Without any pictures, print the lines below from the one that has "There are also" through the one that has "16 Mukhi Nepali Rudraksha", exactly and nothing else.

-------- DATASET EXCERPTS

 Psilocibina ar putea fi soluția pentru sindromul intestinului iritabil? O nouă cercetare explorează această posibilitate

----------------
-------- DATASET EXCERPTS

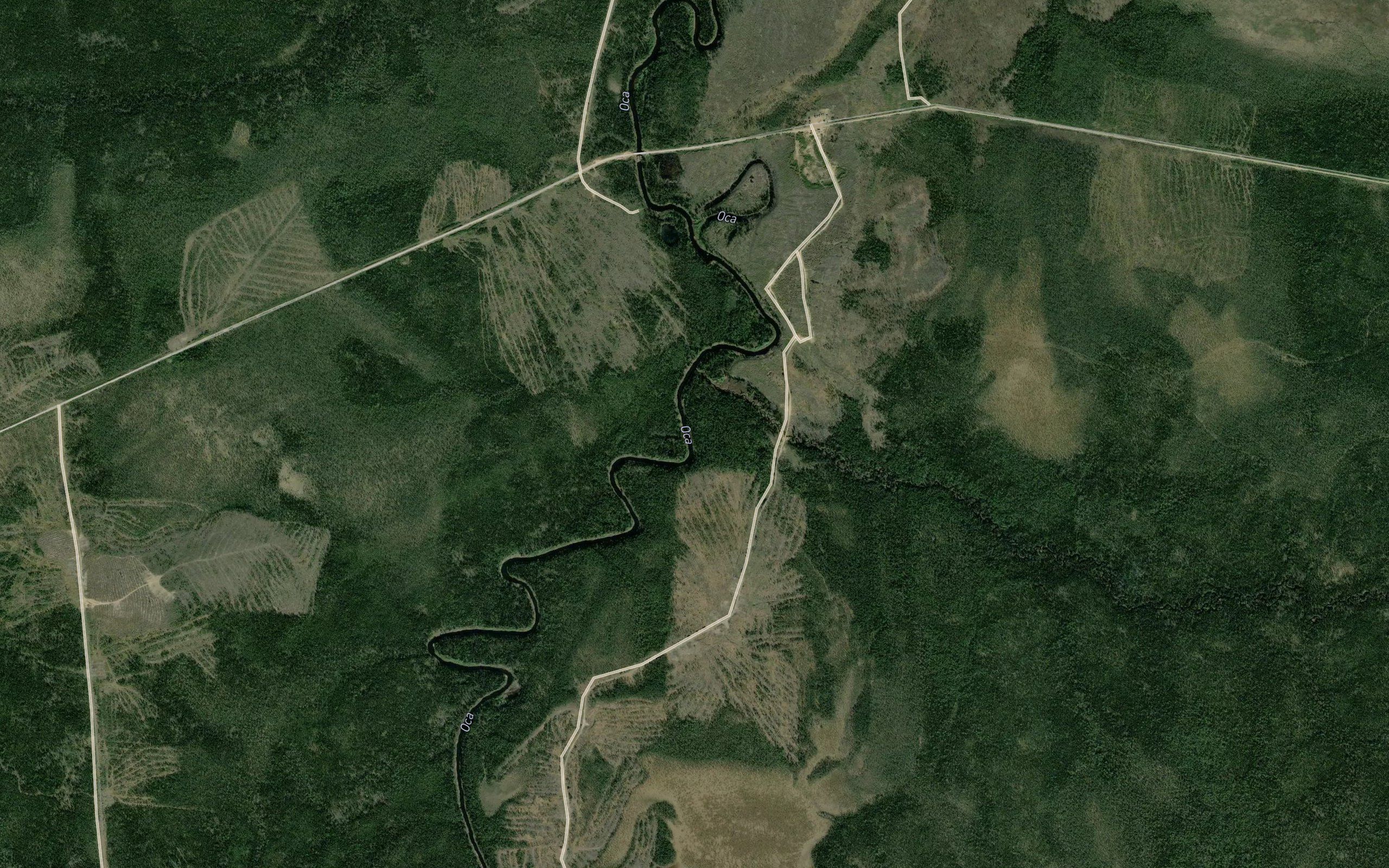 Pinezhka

----------------
-------- DATASET EXCERPTS

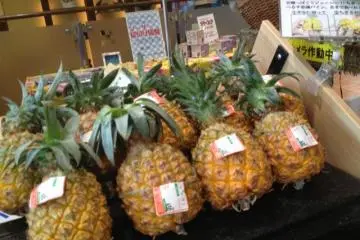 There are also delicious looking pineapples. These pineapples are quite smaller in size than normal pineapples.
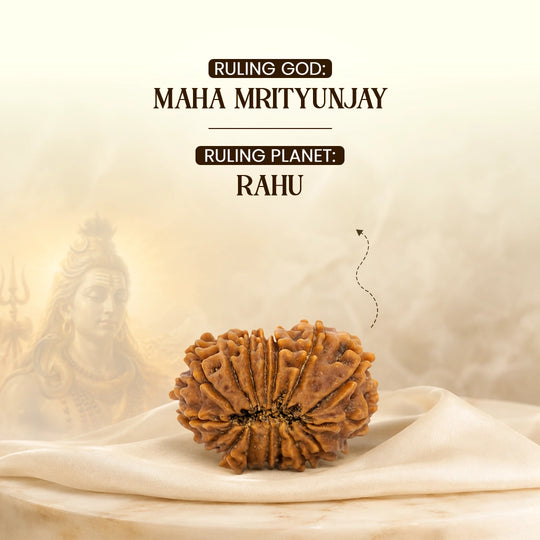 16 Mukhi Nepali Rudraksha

----------------

[COMPLETED EXERCISE]
 There are also delicious looking pineapples. These pineapples are quite smaller in size than normal pineapples.
 16 Mukhi Nepali Rudraksha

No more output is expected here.